The goods never travel to The Food Exchange’s headquarters. Salant describes it as a relationship-driven business, but those relationships are mostly sustained via phone calls, emails and all-important mutual trust. Efficiency and need calls for everything to get from Points A and B in minimal time and at the lowest price.
“We’re not brokers,” Salant reminds. “We’re distributors. There’s no middle man.”
And the distribution end of the business also takes some doing. The Food Exchange is, after all, a private business with annual revenues of $12 million that are largely reinvested. The Food Exchange has to sustain itself by reliably serving clients who may share the common denominator of being nonprofit, but whose needs are not alike.
For those clients, balancing nutritional and economic needs is a challenge that comes in various forms. A sugary cereal may be appropriate at a correctional facility, but not for a senior center or food bank. Necessity may have a food bank emphasizing quantity over nutrition while still taking into account the need for the latter. Jails and prisons opt for quantity as well, but still may have a dietician on staff to remind them that inmate health matters.
“All our markets are under big restraints in terms of budgeting,” says Maureen Richards. “We try to be an extension of them because we know that they’re so understaffed by virtue of them being nonprofit. They have to control costs, and we’re very sensitive to their needs.”
Foundation for the exchange
The Food Exchange isn’t the trio’s first foray into food services. Salant claims no more than six degrees of separation from anyone in the food industry, and got his start in 1987 as a founding partner of Good Source Solutions, a pioneer in providing cost-effective food to nonprofits as well as a business model for The Food Exchange.
An investment group acquired Good Source in 2006, and while Salant went on to some other ventures during the next few years, he wanted back in the food business and knew of some kindred souls who would make ideal co-founders of the next enterprise.
Richards, who comes from “a long line of Italian cooking mamas,” had earned a degree in dietetics from the University of California, Davis, and brought close to 20 years of procuring savvy and working with food banks to The Food Exchange.
Thurman, who has nearly two decades in food services, had worked with correctional facilities and seniors programs nationwide prior to joining her two friends Salant and Richards as The Food Exchange’s charter members.
Rounding out the group are Salant’s wife, Liz; Thurman’s husband, Brad; Danielle Campbell, Andy Brown, Monica DeSantiago, Meghan Haff, Mirian Preciado, Dorina Puma, Sophia Richards and Ana Richards.
“We’re kind of like a little family,” says Maureen Richards. “Our overall idea is to make a difference while staying in business.”
She adds that The Food Exchange is, in a sense, a matchmaker.
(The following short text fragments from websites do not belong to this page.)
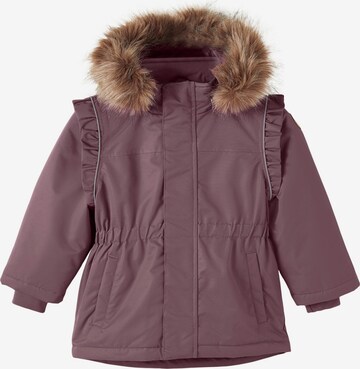 NAME IT Winter Jacket 'Snow' in Purple: front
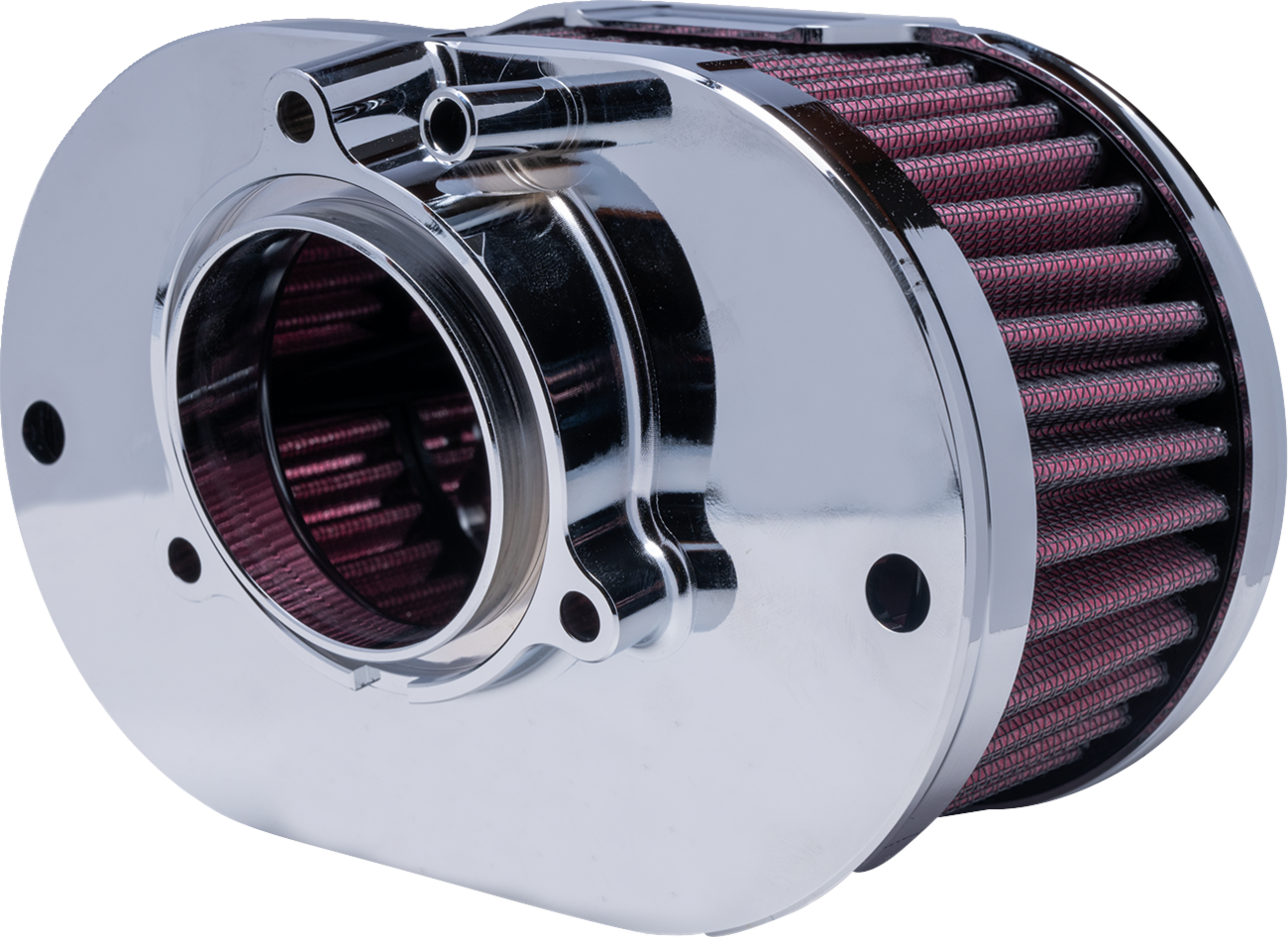 Oval Air Cleaner Kit - Chrome - Touring/Softail [1010-3207] - Image 2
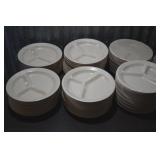 130 Divided Portion Plates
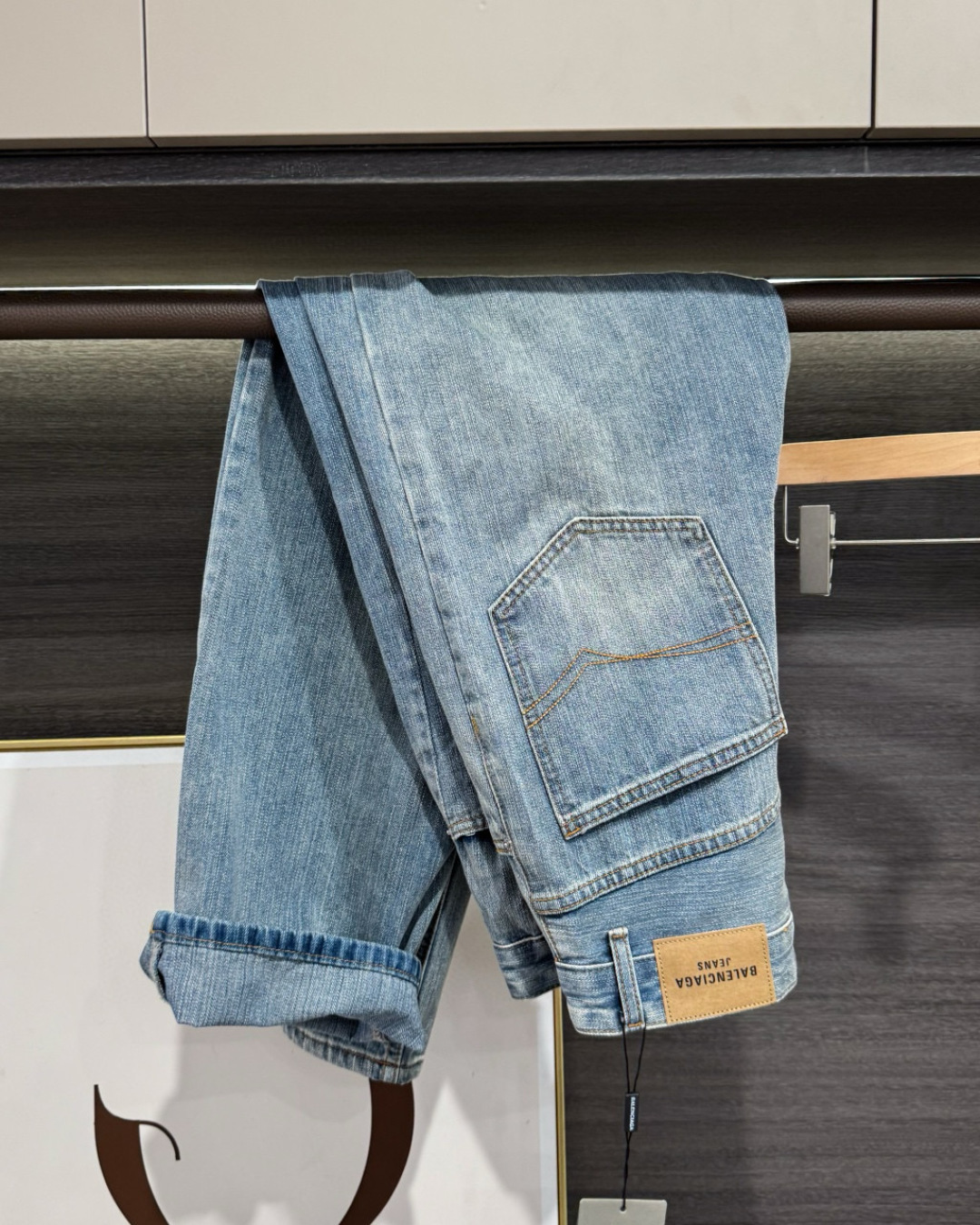 BALENCIAGA バレンシアガ デニムパンツ フレアデニム ブルー - 画像 3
No one wants to see food go to waste, and at least in the United States, there’s never a problem with producing it. The six degrees of separation again come into play, as no one is more than a few handshakes away from anyone at the highest and lowest socioeconomic status.
The Food Exchange isn’t about steak and lobster. Neither is it about fresh produce, which is as perishable as it is nutritious, and thus not easily transported. The three partners stay loose with humorous slogans such as “ugly food for pretty smart people.”
But to the recipients, there’s nothing ugly about it, and the mission of those who provide it is nothing less than beautiful.